Modeling and Transformation Examples
Let's say you need to develop a robust data product. You can follow a simple workflow where you start by creating a new branch, ingesting sample data into a Snowflake database, and testing this data to validate its quality and integrity.
Once source data is clean and validated, you can use the Modelling and Transformation Engine (MATE) to define data transformation and insert dynamic content into models to turn the source data into valuable data marts and data products. You can then test these assets before integrating them into the production environment.
The following sections detail each step in the workflow.
Prerequisites
To carry out the exercises in this guide, you need the following:
- A new DataOps project, created from the standard template and configured with a runner.
- Your Snowflake account will need to have the Snowflake sample data available.
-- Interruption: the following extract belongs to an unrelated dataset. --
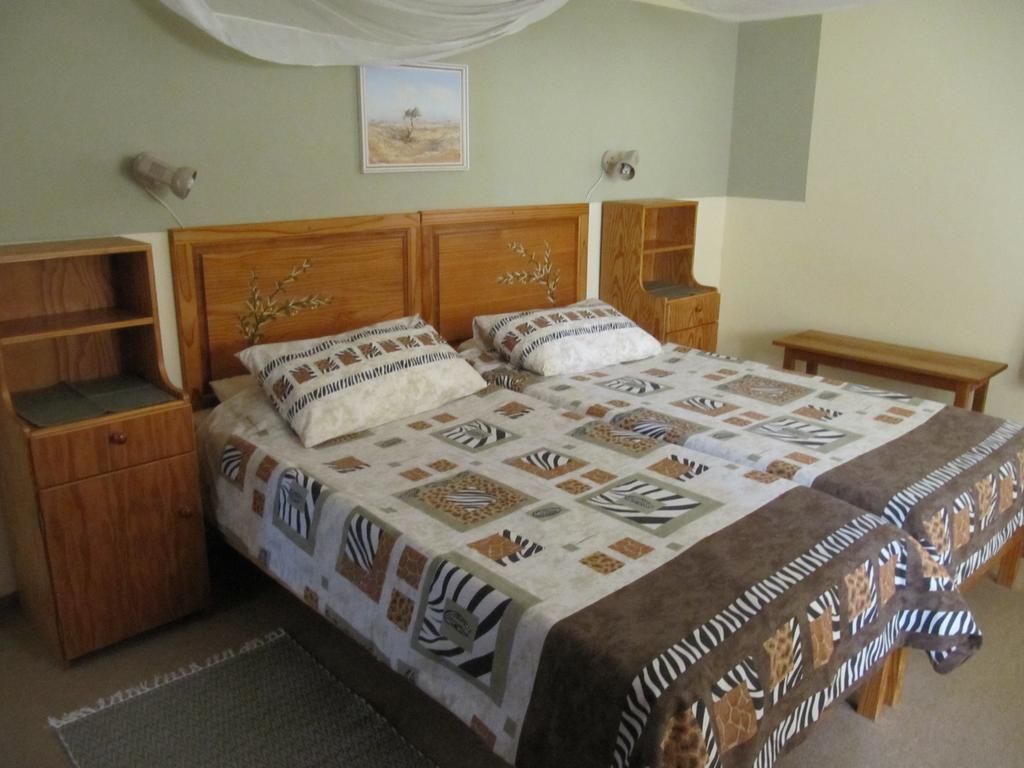Haasenhof Gastefarm Villa Okahandja Luaran gambar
Exercise 1: Create a new feature branch
The first thing you need to do is to create a new feature branch exercises for a specific DataOps project.
- Open your project on the data product platform.
- Navigate to Repository → Branches.
- Click New branch on top right.
- Name the branch
exercises
.
Exercise 2: Run the pipeline and look at the docs
Your next step is to run the new exercises
feature branch pipeline so the template content
(based on the Snowflake sample data) is built in Snowflake.
-
Open your project on the data product platform and click Web IDE. This opens your project's
exercises
branch in an instance of VS Code. -
Check that the
.agent_tag
in the file/pipelines/includes/config/agent_tag.yml
is configured and the variables are set up. -
Open the
/full-ci.yml
file and comment out the three sample MATE jobs for now:/full-ci.ymlinclude:
...
## Modelling and transformation jobs
# - /pipelines/includes/local_includes/modelling_and_transformation/test_all_sources.yml
# - /pipelines/includes/local_includes/modelling_and_transformation/build_all_models.yml
# - /pipelines/includes/local_includes/modelling_and_transformation/test_all_models.yml -
Commit your changes to exercises and run the
full-ci.yml
pipeline.Did you know?DataOps automatically generates documentation from your MATE content, even if you do not compile/run any models.
-
Switch back to the platform and navigate to CI/CD → Pipelines using the project sidebar.
Your most recent pipeline (probably the only one, unless you needed to re-run it) will be at the top of the list.
-
Click the documentation 📄 button on the far right side of the pipeline to open the docs in a new tab.
A few things to note about the docs:
-
There are several projects listed on the left-hand navigation. The Snowflake sample content from your DataOps project will be under the MyProject item (as this is the default project name at the top of your
dbt_project.yml
file). The other projects are DataOps and dbt libraries that are included in the build process. -
Clicking the Database tab on the left-hand navigation shows that you have sources from the
SNOWFLAKE_SAMPLE_DATA
database and the sample models are in theSAMPLES
schema within our production database. -
These docs are built using the dbt docs package, so navigation functionality and much of the content are very similar to the standard dbt docs.
-
Docs are generated for every pipeline unless you take out the reference to
generate_modelling_and_transformation_documentation.yml
from your pipeline file (full-ci.yml
), which is a job originating from the DataOps reference project.For more information, see Project Documentation.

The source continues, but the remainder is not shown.